(Beginning of DATA IN THIS EXERCISE)

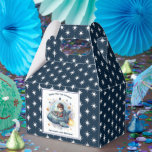 Caja Para Regalos Evento Celestial Starfield Space Birthday Party<br><div class="desc">¡Envíe a sus huéspedes a casa con recuerdos cósmicos en esta caja de favoritos de eventos celestes! Esta robusta caja de estilo gable presenta un patrón de estelar de toda la marina y un panel de personalizable mostrando a tu pequeño astronauta piloteando un cohete retro en medio de un remolino...</div>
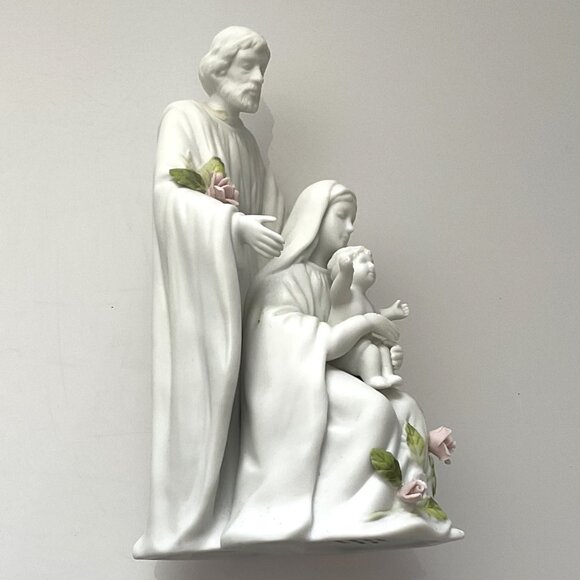 “THE HOLY FAMILY” PROCELAIN FIGURINE THE KNIGHTS OF COLUMBUS SUPREME COUNCIL OFF - Picture 4 of 9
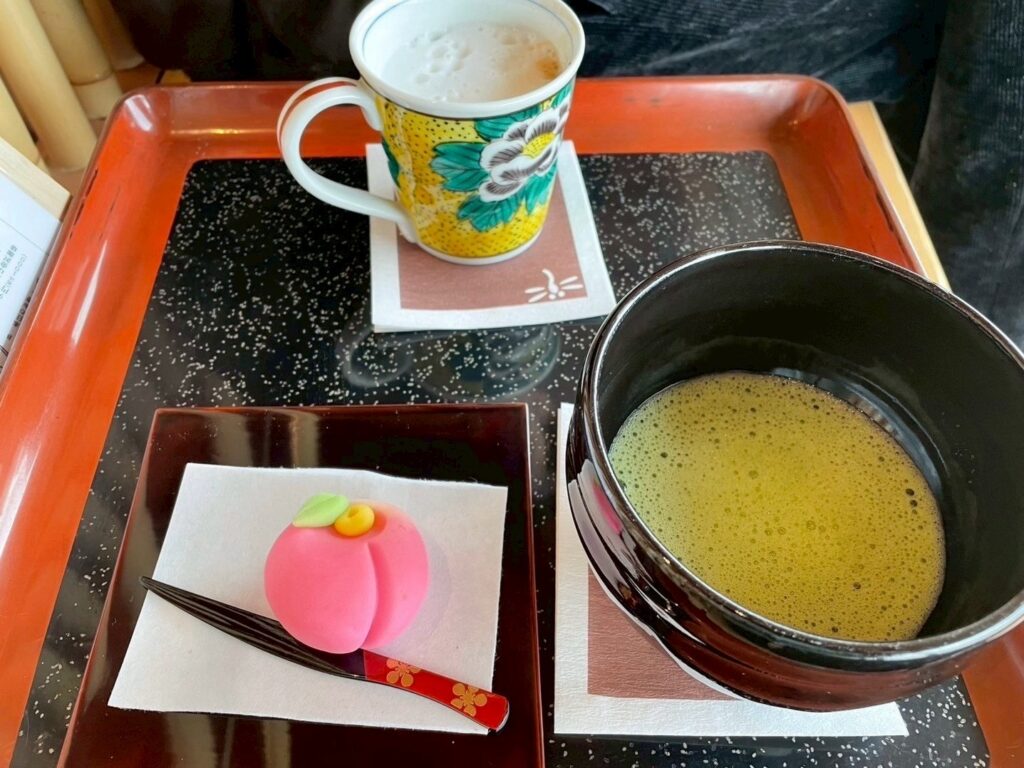 「金沢カプチーノ」と「ちょこっとぷれーと 季節の上生菓子と抹茶」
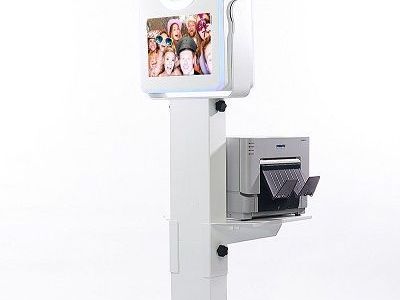 sweet-sixteen-photo-booth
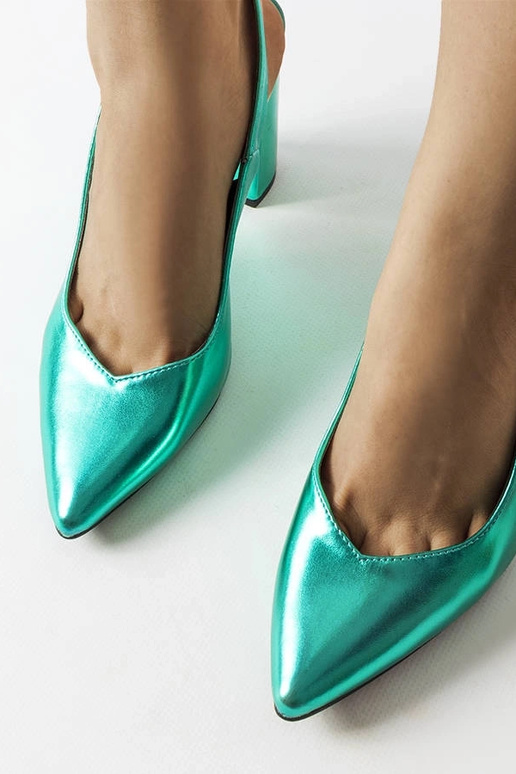 Zapatos de salón con punta abierta... Zapatos de salón con punta abierta...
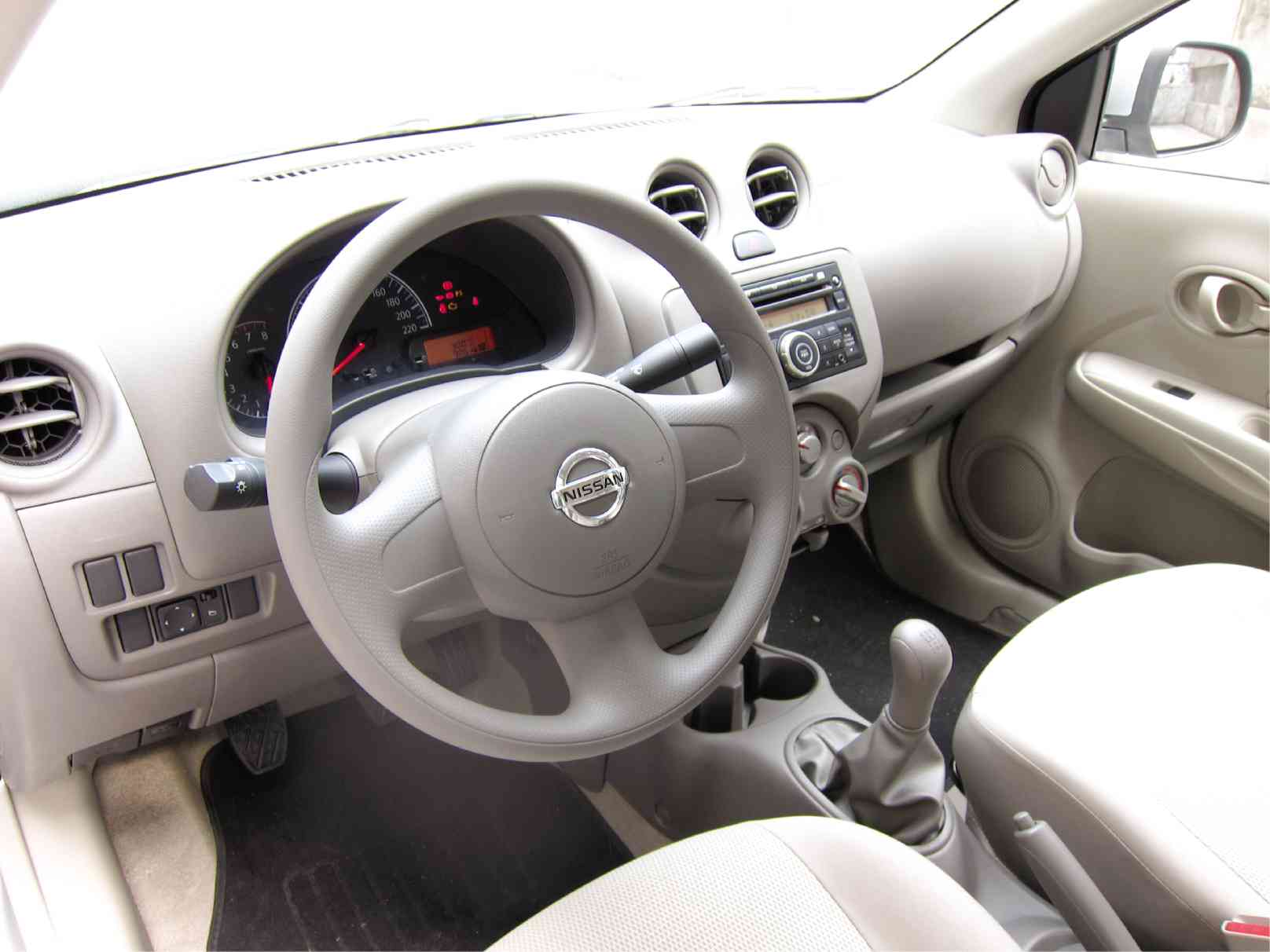 Nissan Almera Automatic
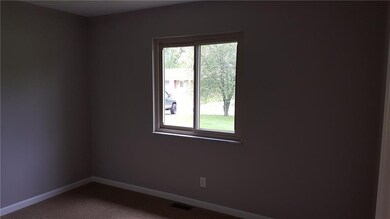 105 E Maple St, Roachdale, IN 46172 - photo 3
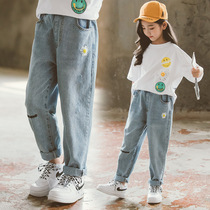 Girls baby chicks jeans 2022 summer dress new Korean version of the Korean Air Childrens casual loose old daddy pants CUHK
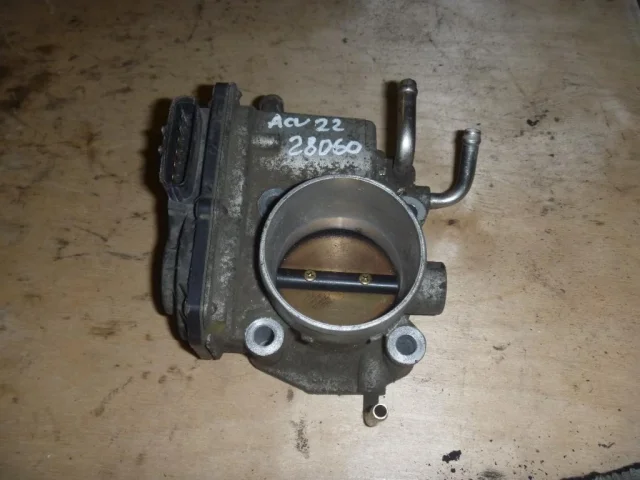 Дроссельная заслонка для Toyota RAV4 XA20 2000-2005 на фотографиях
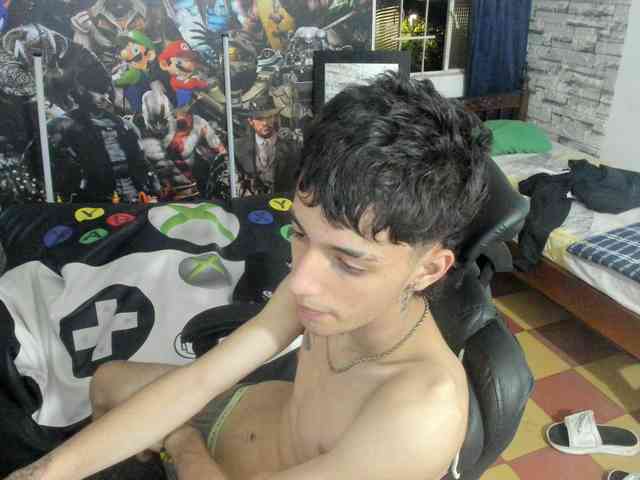 wex-077 Live Webcam on BongaCams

(End of DATA IN THIS EXERCISE)

[PROBLEM DESCRIPTION]:
Every entry above needs to be copied exactly, and no pictures go with it.

[YOUR RESPONSE]:
 Caja Para Regalos Evento Celestial Starfield Space Birthday Party<br><div class="desc">¡Envíe a sus huéspedes a casa con recuerdos cósmicos en esta caja de favoritos de eventos celestes! Esta robusta caja de estilo gable presenta un patrón de estelar de toda la marina y un panel de personalizable mostrando a tu pequeño astronauta piloteando un cohete retro en medio de un remolino...</div>
 “THE HOLY FAMILY” PROCELAIN FIGURINE THE KNIGHTS OF COLUMBUS SUPREME COUNCIL OFF - Picture 4 of 9
 「金沢カプチーノ」と「ちょこっとぷれーと 季節の上生菓子と抹茶」
 sweet-sixteen-photo-booth
 Zapatos de salón con punta abierta... Zapatos de salón con punta abierta...
 Nissan Almera Automatic
 105 E Maple St, Roachdale, IN 46172 - photo 3
 Girls baby chicks jeans 2022 summer dress new Korean version of the Korean Air Childrens casual loose old daddy pants CUHK
 Дроссельная заслонка для Toyota RAV4 XA20 2000-2005 на фотографиях
 wex-077 Live Webcam on BongaCams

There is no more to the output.